'''

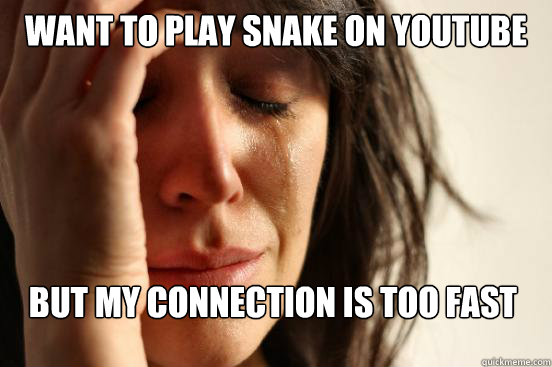 Want to play snake on youtube  but my connection is too fast  First World Problems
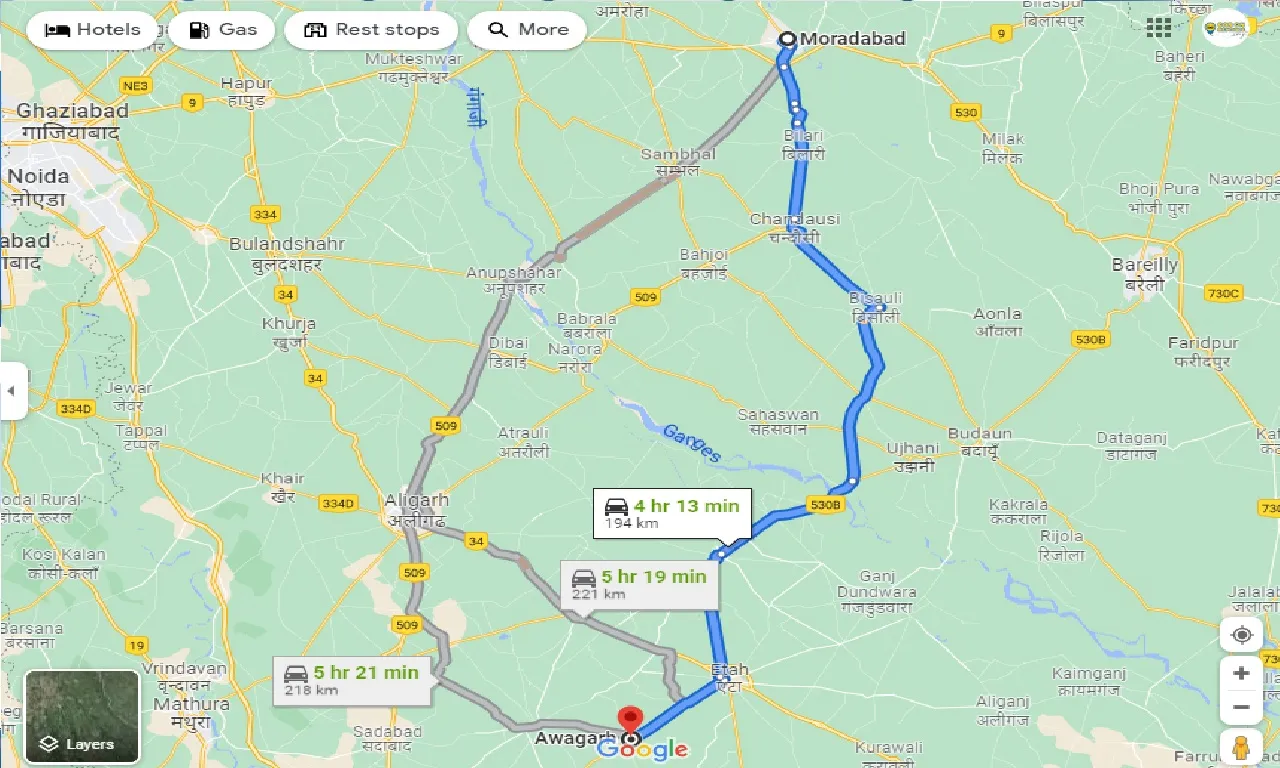 moradabad-to-awagarh-taxi
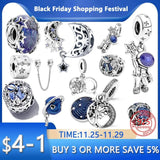 925 Silver Galaxy Bead Charm Pendant Bracelet Necklace
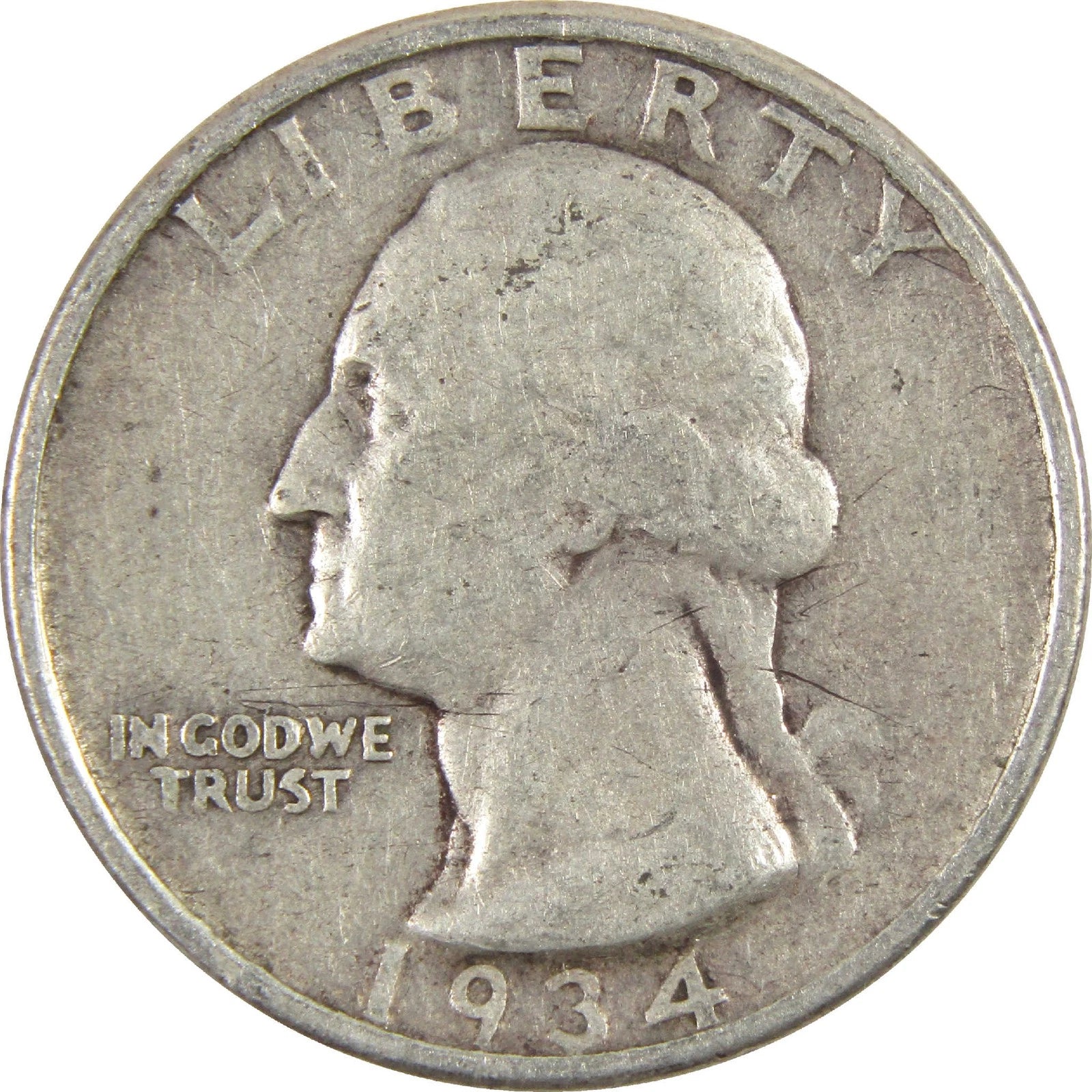 1934 Medium Motto Washington Quarter VG Very Good Silver 25c Coin-1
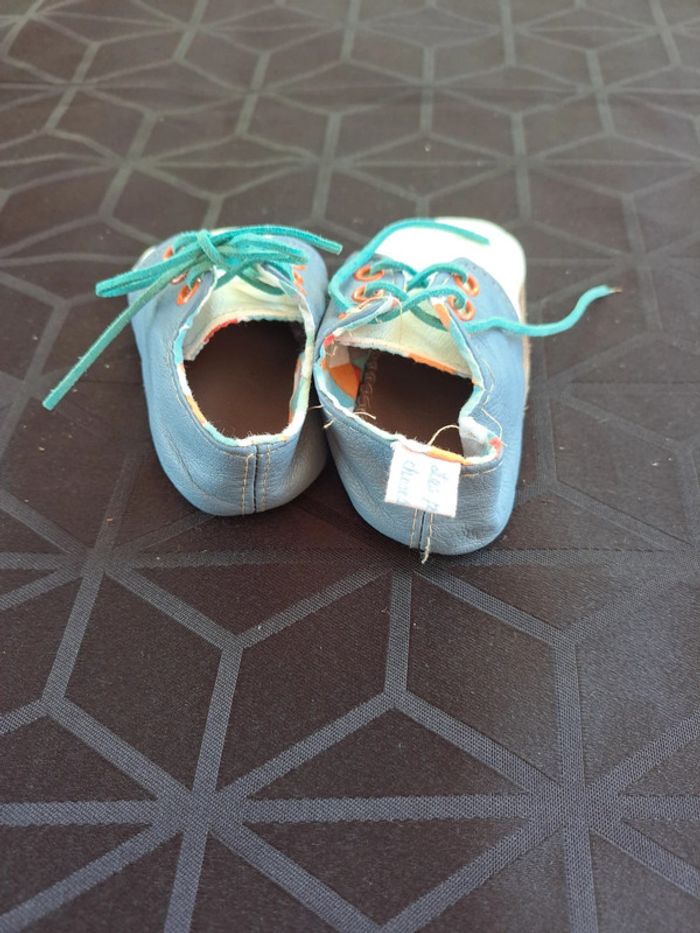 Chausson naissance bleu et blanc - photo numéro 2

'''

- [WHAT IS BEING ASKED]: Pictures are not part of the copy; retype all the other material exactly.

- [COMPLETED TASK]:
 Want to play snake on youtube  but my connection is too fast  First World Problems
 moradabad-to-awagarh-taxi
 925 Silver Galaxy Bead Charm Pendant Bracelet Necklace
 1934 Medium Motto Washington Quarter VG Very Good Silver 25c Coin-1
 Chausson naissance bleu et blanc - photo numéro 2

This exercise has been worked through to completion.